Methods and analysis
Analysis of semistructured interviews with adults who have CKD and multimorbidity and/or frailty and focus groups with healthcare professionals (who are involved in caring for patients with CKD). Framework analysis, underpinned by normalisation process theory, will be used to develop codes and explore themes from the interviews and focus groups.
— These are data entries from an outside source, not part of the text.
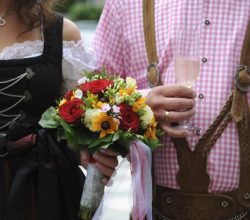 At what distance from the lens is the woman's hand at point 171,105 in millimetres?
2416

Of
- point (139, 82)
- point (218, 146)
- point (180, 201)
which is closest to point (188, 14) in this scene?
point (139, 82)

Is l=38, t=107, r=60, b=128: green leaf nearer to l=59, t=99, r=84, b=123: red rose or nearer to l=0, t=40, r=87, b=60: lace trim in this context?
l=59, t=99, r=84, b=123: red rose

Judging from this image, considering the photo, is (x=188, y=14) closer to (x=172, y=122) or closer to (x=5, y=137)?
(x=172, y=122)

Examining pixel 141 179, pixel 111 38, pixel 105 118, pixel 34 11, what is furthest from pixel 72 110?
pixel 34 11

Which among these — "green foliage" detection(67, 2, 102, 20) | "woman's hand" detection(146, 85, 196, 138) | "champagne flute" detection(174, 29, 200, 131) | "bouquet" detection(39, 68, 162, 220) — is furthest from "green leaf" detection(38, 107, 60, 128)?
"green foliage" detection(67, 2, 102, 20)

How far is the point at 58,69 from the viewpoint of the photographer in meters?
2.79

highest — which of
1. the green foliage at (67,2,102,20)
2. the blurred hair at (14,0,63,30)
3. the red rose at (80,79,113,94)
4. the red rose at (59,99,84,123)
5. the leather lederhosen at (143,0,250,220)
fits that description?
the blurred hair at (14,0,63,30)

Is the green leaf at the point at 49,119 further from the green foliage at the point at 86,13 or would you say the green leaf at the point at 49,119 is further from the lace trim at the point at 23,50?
the green foliage at the point at 86,13

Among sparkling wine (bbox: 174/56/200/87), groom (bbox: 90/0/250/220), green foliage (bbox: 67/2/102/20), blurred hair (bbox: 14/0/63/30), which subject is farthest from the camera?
green foliage (bbox: 67/2/102/20)

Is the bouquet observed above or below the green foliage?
above

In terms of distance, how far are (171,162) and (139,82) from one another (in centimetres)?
38

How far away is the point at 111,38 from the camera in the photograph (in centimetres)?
281

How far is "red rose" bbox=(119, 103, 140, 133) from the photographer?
243 centimetres

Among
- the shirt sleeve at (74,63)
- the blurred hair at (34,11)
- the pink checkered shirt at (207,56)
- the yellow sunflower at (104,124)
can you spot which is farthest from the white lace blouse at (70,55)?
the yellow sunflower at (104,124) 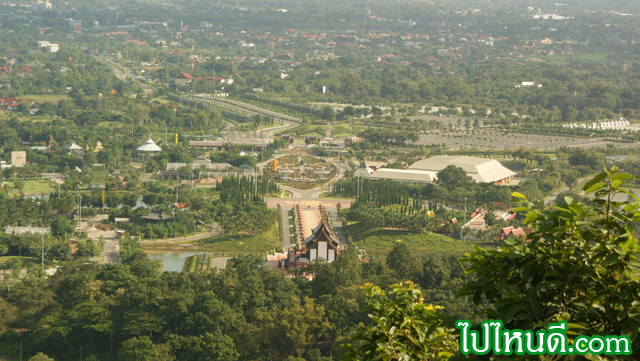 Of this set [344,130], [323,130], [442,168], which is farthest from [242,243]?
[344,130]

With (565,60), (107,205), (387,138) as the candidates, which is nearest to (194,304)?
(107,205)

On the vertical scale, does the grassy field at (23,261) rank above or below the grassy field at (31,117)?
above

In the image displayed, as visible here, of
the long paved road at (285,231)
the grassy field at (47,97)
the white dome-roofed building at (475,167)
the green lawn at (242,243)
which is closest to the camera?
the green lawn at (242,243)

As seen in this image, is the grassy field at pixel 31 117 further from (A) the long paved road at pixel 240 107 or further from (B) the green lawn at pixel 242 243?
(B) the green lawn at pixel 242 243

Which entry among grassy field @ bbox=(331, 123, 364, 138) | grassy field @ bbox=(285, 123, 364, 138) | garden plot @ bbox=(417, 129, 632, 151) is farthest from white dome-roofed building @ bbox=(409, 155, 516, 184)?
grassy field @ bbox=(285, 123, 364, 138)

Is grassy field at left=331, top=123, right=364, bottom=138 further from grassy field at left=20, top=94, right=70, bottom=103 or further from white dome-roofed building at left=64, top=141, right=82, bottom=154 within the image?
grassy field at left=20, top=94, right=70, bottom=103

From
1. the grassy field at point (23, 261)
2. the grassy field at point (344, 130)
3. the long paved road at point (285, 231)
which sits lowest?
the grassy field at point (344, 130)

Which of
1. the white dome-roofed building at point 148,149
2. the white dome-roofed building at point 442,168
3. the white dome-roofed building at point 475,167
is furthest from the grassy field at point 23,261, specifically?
the white dome-roofed building at point 475,167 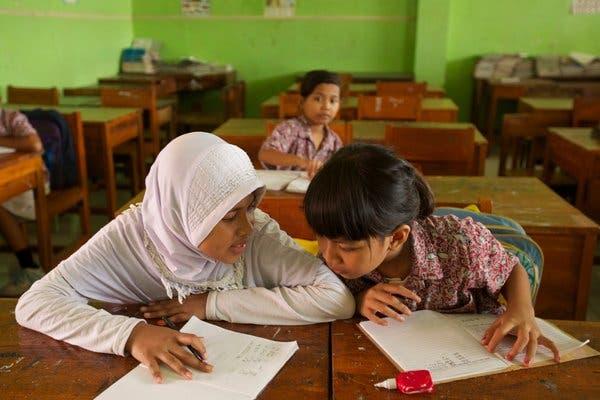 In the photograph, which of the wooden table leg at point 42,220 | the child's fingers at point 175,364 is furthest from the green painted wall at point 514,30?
the child's fingers at point 175,364

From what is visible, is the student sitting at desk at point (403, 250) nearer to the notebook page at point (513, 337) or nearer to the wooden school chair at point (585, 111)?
the notebook page at point (513, 337)

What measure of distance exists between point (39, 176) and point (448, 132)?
70.7 inches

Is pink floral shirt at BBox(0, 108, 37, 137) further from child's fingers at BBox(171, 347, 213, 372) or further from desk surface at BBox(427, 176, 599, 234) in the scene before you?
child's fingers at BBox(171, 347, 213, 372)

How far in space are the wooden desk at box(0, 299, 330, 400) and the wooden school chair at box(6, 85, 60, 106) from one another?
10.6 ft

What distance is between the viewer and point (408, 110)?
365 centimetres

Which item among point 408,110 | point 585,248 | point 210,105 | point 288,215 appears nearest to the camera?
point 585,248

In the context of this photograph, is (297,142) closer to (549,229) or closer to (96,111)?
(549,229)

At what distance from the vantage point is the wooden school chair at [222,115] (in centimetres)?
482

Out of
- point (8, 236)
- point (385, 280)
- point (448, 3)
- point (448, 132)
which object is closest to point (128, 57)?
point (448, 3)

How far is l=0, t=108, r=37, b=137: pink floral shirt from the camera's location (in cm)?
252

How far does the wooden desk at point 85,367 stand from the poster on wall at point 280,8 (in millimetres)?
5884

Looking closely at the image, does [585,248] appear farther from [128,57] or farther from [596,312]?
[128,57]

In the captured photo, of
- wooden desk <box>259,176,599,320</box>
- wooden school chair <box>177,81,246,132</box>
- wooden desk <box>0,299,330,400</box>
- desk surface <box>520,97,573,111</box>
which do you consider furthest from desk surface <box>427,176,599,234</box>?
wooden school chair <box>177,81,246,132</box>

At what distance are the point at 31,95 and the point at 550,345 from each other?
3.83 metres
Patient and public involvement has been pivotal to the study conceptualisation and will continue to be embedded throughout the study.

Ethics and dissemination
The study protocol has undergone peer review by the NHS Greater Glasgow and Clyde Research and Innovation team and has been granted ethical approval in August 2023 by the NHS Health Research Authority following a favourable opinion from the West of Scotland Research Ethics Committee (REC) 3 (IRAS ID: 325848, REC reference: 23WS/0119, Protocol number GN22RE559).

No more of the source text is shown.